According to other embodiments, the reference values are predefined values, for example based on tables and graphs and processed by means of a mathematical algorithm implemented in the processing unit.

In the embodiments as above, the comparison can comprise verifying whether or not the values detected fall within a range around the respective reference value. Or the comparison can comprise verifying whether the values detected are greater or lesser than the associated reference value, and possibly quantifying the deviation. According to some embodiments, the method also comprises setting a target temperature to be reached during the heating of the metal element.

In other embodiments, the method also comprises controlling the power supplied to the inductor in order to interrupt, or not, the heating of the metal element on fne basis of the result of the comparison.

In the embodiments as above, the interruption of the heating can take place immediately, the moment in which a significant variation is detected in the values detected with respect to the reference values.

According to possible variants, the interruption of the heating can take place after a predetermined period of time from the moment in which the significant variation is detected in the values detected with respect to the reference values.

In some embodiments, the period of time after which the interruption of the heating occurs is correlated to the target temperature set.

BRIEF DESCRIPTION OF THE DRAWINGS

These and other aspects, characteristics and advantages of the present invention will become apparent from the following description of some embodiments, given as a non-restrictive example with reference to the attached drawings wherein:

- fig. 1 is a schematic representation of an embodiment of an apparatus that implements the method according to the present invention.

It is understood that elements and characteristics of one embodiment can conveniently be incorporated into other embodiments without further clarifications.

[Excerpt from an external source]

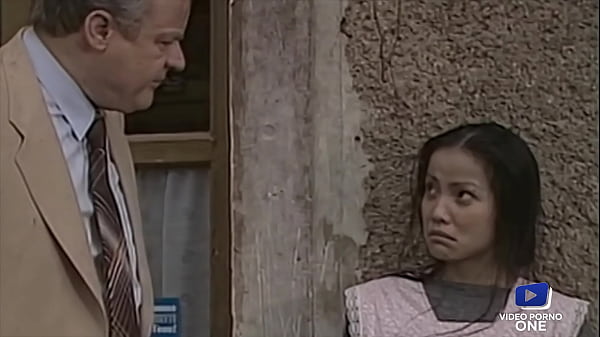 Belle asiatique est plus coquine qu'on peut croire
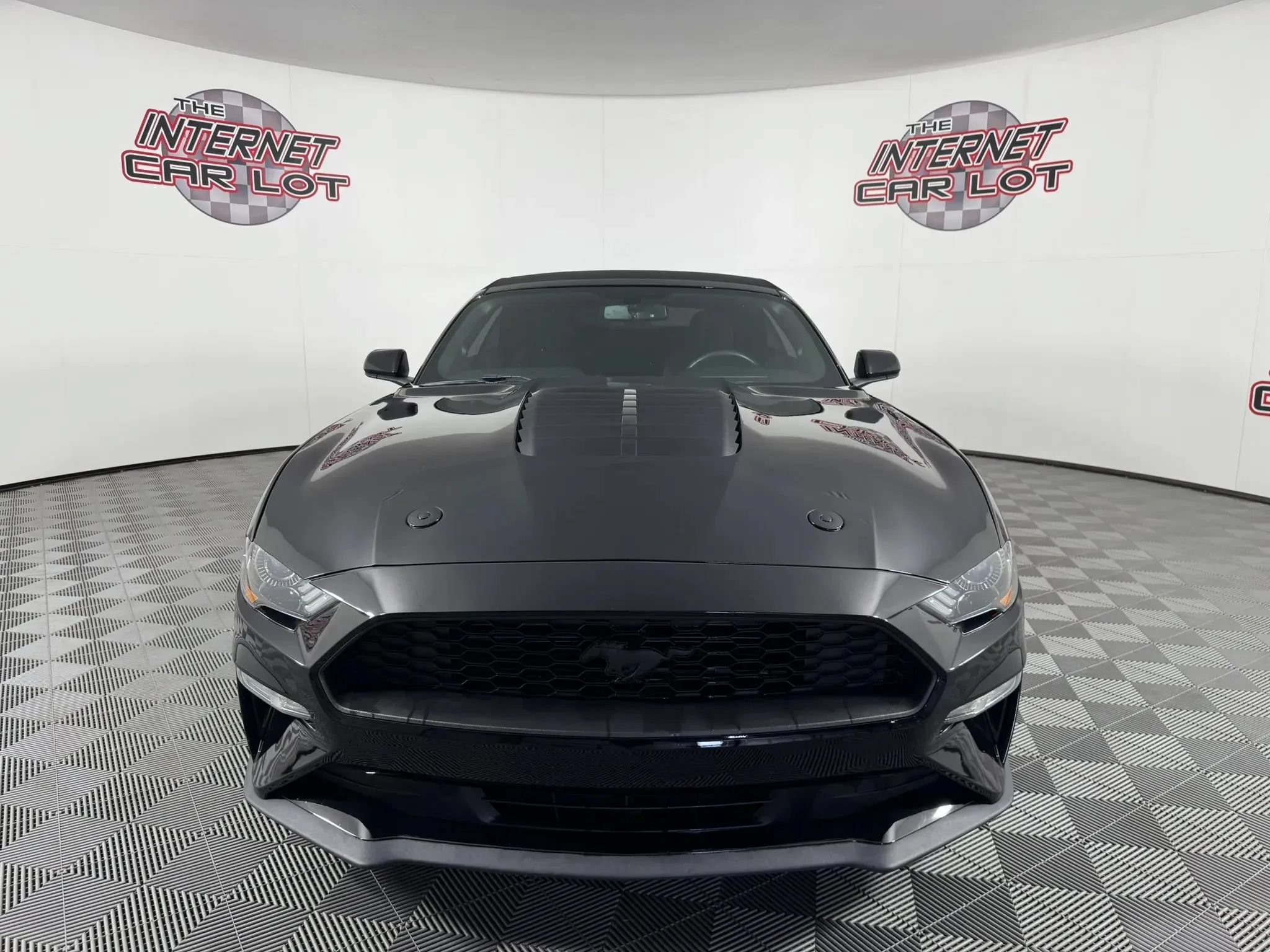 Used 2020 Ford Mustang Convertible w/ Equipment Group 101A RWD image 3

DETAILED DESCRIPTION OF SOME EMBODIMENTS We will now refer in detail to the possible embodiments of the invention, of which one or more examples are shown in the attached drawing. Each example is supplied by way of illustration of the invention and shall not be understood as a limitation thereof. For example, one or more characteristics shown or described insomuch as they are part of one embodiment can be varied or adopted on, or in association with, other embodiments to produce another embodiment. It is understood that the present invention shall include all such modifications and variants.

Before describing these embodiments, we must also clarify that the present description is not limited in its application to details of the construction and disposition of the components as described in the following description using the attached drawings. The present description can provide other embodiments and can be obtained or executed in various other ways. We must also clarify that the phraseology and terminology used here is for the purposes of description only, and cannot be considered as limitative. Fig. 1 shows, by way of example, a heating apparatus 10 according to some embodiments described here, configured to heat a metal element 20 by means of electromagnetic induction. By metal elements 20 we mean, by way of example, elements of any shape and section whatsoever, produced with one or more metals or their alloys, or also an element comprising a conductive material that is capable of admitting electric currents.

According to some embodiments, the metal elements 20 of the type in question can consist of, or comprise, one or more metals having ferromagnetic properties. The apparatus 10 comprises an induction heating device 11 comprising a heating head 12 provided with, or connected to, a coil, or inductor 13, having a plurality of spirals suitable to be passed through by an alternating electric current and configured to generate an alternating magnetic field.

The apparatus 10 can also comprise power supply means suitable to supply electrical energy to the inductor 13.

The apparatus 10 can comprise, in particular, a power supply unit 14 which can be connected, during use, to an electric power supply network 15 which supplies an electric current and voltage, and is configured to transform the mains electric current and voltage into supply current and voltage having desired intensity and frequency values.

The apparatus 10 can also comprise a generator 16, connected downstream of the power supply unit and configured to generate high frequency alternating current waves.

In some embodiments, the generator 16 can comprise one or more inverter devices, or current inverters.

According to some embodiments, an amplification unit 17 can also be provided, disposed and connected between the generator 16 and the inductor 13, and configured to amplify the alternating electric current at exit from the generator 16 so as to supply a desired current and voltage in the inductor 13 which are suitable to generate an electromagnetic field with characteristics suitable for working the metal element 20.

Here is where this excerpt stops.